-------- Exercise materials --------

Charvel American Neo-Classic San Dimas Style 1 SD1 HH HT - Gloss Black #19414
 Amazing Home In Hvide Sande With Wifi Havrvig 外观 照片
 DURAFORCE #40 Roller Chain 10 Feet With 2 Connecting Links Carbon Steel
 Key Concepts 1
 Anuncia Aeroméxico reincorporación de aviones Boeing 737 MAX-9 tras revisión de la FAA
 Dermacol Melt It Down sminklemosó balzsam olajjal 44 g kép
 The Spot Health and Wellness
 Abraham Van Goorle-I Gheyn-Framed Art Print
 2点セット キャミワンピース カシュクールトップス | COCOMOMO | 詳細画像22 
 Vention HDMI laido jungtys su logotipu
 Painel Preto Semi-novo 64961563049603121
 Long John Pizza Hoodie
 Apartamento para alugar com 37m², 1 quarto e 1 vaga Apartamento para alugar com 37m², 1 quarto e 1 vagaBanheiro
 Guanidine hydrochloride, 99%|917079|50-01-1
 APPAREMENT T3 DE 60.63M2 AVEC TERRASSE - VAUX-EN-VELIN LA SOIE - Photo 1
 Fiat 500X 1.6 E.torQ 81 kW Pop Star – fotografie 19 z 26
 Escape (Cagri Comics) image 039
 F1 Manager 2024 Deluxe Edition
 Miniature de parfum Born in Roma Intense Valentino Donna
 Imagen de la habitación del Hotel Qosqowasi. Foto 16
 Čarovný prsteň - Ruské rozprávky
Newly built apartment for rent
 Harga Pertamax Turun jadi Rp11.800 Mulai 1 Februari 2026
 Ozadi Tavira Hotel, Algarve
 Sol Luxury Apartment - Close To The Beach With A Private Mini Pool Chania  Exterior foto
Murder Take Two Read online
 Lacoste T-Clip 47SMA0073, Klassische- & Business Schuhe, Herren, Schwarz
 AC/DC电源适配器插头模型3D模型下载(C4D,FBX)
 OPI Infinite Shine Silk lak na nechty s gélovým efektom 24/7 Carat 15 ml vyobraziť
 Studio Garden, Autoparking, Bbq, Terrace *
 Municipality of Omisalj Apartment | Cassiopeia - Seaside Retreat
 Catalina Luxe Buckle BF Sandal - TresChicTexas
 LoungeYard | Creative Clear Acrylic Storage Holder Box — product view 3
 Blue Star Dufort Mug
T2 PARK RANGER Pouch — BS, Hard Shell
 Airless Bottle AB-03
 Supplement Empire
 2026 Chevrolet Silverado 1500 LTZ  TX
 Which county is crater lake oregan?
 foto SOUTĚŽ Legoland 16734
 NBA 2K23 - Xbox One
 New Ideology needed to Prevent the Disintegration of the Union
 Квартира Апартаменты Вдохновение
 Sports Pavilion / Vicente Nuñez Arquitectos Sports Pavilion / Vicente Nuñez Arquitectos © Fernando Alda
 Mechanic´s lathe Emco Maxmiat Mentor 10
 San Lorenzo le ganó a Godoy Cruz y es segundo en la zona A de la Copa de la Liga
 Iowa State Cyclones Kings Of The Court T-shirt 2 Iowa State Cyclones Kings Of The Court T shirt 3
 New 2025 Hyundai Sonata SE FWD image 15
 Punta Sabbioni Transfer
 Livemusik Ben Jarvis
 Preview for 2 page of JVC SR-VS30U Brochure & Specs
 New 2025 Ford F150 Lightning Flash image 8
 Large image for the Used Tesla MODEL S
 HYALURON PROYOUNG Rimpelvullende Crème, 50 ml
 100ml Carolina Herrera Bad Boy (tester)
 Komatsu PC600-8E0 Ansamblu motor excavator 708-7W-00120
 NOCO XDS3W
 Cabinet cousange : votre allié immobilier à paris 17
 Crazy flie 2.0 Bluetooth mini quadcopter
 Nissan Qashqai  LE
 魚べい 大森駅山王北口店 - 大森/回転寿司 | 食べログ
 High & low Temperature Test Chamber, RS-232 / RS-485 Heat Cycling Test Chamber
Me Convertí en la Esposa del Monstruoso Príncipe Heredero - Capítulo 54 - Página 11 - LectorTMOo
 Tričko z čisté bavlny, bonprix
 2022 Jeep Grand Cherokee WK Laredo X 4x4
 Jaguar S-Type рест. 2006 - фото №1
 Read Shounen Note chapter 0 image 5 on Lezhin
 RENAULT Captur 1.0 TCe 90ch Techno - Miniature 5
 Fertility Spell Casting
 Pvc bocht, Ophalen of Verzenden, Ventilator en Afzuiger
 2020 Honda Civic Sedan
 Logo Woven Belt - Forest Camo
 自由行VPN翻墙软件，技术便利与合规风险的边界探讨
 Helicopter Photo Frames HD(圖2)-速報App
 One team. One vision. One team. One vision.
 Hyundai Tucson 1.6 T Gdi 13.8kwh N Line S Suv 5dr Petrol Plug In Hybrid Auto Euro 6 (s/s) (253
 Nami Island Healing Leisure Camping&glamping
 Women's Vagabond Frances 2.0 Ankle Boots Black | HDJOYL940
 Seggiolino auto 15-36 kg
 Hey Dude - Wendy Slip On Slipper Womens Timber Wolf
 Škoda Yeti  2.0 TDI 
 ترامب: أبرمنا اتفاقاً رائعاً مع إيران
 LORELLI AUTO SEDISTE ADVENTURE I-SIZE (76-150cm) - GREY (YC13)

--------

Referring to the material above, set down exactly the lines between the line with "Studio Garden, Autoparking, Bbq, Terrace *" and the line with "Hyundai Tucson 1.6", inclusive, and no other lines.

 Studio Garden, Autoparking, Bbq, Terrace *
 Municipality of Omisalj Apartment | Cassiopeia - Seaside Retreat
 Catalina Luxe Buckle BF Sandal - TresChicTexas
 LoungeYard | Creative Clear Acrylic Storage Holder Box — product view 3
 Blue Star Dufort Mug
T2 PARK RANGER Pouch — BS, Hard Shell
 Airless Bottle AB-03
 Supplement Empire
 2026 Chevrolet Silverado 1500 LTZ  TX
 Which county is crater lake oregan?
 foto SOUTĚŽ Legoland 16734
 NBA 2K23 - Xbox One
 New Ideology needed to Prevent the Disintegration of the Union
 Квартира Апартаменты Вдохновение
 Sports Pavilion / Vicente Nuñez Arquitectos Sports Pavilion / Vicente Nuñez Arquitectos © Fernando Alda
 Mechanic´s lathe Emco Maxmiat Mentor 10
 San Lorenzo le ganó a Godoy Cruz y es segundo en la zona A de la Copa de la Liga
 Iowa State Cyclones Kings Of The Court T-shirt 2 Iowa State Cyclones Kings Of The Court T shirt 3
 New 2025 Hyundai Sonata SE FWD image 15
 Punta Sabbioni Transfer
 Livemusik Ben Jarvis
 Preview for 2 page of JVC SR-VS30U Brochure & Specs
 New 2025 Ford F150 Lightning Flash image 8
 Large image for the Used Tesla MODEL S
 HYALURON PROYOUNG Rimpelvullende Crème, 50 ml
 100ml Carolina Herrera Bad Boy (tester)
 Komatsu PC600-8E0 Ansamblu motor excavator 708-7W-00120
 NOCO XDS3W
 Cabinet cousange : votre allié immobilier à paris 17
 Crazy flie 2.0 Bluetooth mini quadcopter
 Nissan Qashqai  LE
 魚べい 大森駅山王北口店 - 大森/回転寿司 | 食べログ
 High & low Temperature Test Chamber, RS-232 / RS-485 Heat Cycling Test Chamber
Me Convertí en la Esposa del Monstruoso Príncipe Heredero - Capítulo 54 - Página 11 - LectorTMOo
 Tričko z čisté bavlny, bonprix
 2022 Jeep Grand Cherokee WK Laredo X 4x4
 Jaguar S-Type рест. 2006 - фото №1
 Read Shounen Note chapter 0 image 5 on Lezhin
 RENAULT Captur 1.0 TCe 90ch Techno - Miniature 5
 Fertility Spell Casting
 Pvc bocht, Ophalen of Verzenden, Ventilator en Afzuiger
 2020 Honda Civic Sedan
 Logo Woven Belt - Forest Camo
 自由行VPN翻墙软件，技术便利与合规风险的边界探讨
 Helicopter Photo Frames HD(圖2)-速報App
 One team. One vision. One team. One vision.
 Hyundai Tucson 1.6 T Gdi 13.8kwh N Line S Suv 5dr Petrol Plug In Hybrid Auto Euro 6 (s/s) (253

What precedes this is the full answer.